[Collected data entries]
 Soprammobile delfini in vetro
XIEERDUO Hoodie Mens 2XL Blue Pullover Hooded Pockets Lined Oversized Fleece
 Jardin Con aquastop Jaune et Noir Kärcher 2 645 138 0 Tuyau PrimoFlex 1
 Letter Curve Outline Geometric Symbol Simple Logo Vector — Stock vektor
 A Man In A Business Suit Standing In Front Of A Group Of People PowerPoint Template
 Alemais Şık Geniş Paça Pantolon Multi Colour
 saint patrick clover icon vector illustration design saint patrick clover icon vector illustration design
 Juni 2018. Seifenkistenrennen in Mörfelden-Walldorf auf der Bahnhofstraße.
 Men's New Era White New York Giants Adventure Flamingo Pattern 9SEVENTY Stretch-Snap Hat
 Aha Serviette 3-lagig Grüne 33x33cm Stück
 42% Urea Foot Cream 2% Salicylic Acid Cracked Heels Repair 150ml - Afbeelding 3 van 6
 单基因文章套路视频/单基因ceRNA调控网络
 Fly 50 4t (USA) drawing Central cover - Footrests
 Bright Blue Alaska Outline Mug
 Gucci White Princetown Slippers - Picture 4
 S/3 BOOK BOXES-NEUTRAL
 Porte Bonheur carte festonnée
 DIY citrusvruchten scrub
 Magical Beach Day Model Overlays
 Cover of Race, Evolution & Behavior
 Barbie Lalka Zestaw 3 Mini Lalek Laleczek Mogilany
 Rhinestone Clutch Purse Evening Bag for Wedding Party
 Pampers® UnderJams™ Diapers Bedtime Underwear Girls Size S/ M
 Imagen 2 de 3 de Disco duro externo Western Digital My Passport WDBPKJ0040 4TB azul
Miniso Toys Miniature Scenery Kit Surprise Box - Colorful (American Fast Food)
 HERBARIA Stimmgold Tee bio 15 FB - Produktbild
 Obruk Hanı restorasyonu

=== Aim of the exercise ===
Only the lines from the one with "XIEERDUO Hoodie Mens" through the last line above should be restated, word for word.

=== The completed task ===
XIEERDUO Hoodie Mens 2XL Blue Pullover Hooded Pockets Lined Oversized Fleece
 Jardin Con aquastop Jaune et Noir Kärcher 2 645 138 0 Tuyau PrimoFlex 1
 Letter Curve Outline Geometric Symbol Simple Logo Vector — Stock vektor
 A Man In A Business Suit Standing In Front Of A Group Of People PowerPoint Template
 Alemais Şık Geniş Paça Pantolon Multi Colour
 saint patrick clover icon vector illustration design saint patrick clover icon vector illustration design
 Juni 2018. Seifenkistenrennen in Mörfelden-Walldorf auf der Bahnhofstraße.
 Men's New Era White New York Giants Adventure Flamingo Pattern 9SEVENTY Stretch-Snap Hat
 Aha Serviette 3-lagig Grüne 33x33cm Stück
 42% Urea Foot Cream 2% Salicylic Acid Cracked Heels Repair 150ml - Afbeelding 3 van 6
 单基因文章套路视频/单基因ceRNA调控网络
 Fly 50 4t (USA) drawing Central cover - Footrests
 Bright Blue Alaska Outline Mug
 Gucci White Princetown Slippers - Picture 4
 S/3 BOOK BOXES-NEUTRAL
 Porte Bonheur carte festonnée
 DIY citrusvruchten scrub
 Magical Beach Day Model Overlays
 Cover of Race, Evolution & Behavior
 Barbie Lalka Zestaw 3 Mini Lalek Laleczek Mogilany
 Rhinestone Clutch Purse Evening Bag for Wedding Party
 Pampers® UnderJams™ Diapers Bedtime Underwear Girls Size S/ M
 Imagen 2 de 3 de Disco duro externo Western Digital My Passport WDBPKJ0040 4TB azul
Miniso Toys Miniature Scenery Kit Surprise Box - Colorful (American Fast Food)
 HERBARIA Stimmgold Tee bio 15 FB - Produktbild
 Obruk Hanı restorasyonu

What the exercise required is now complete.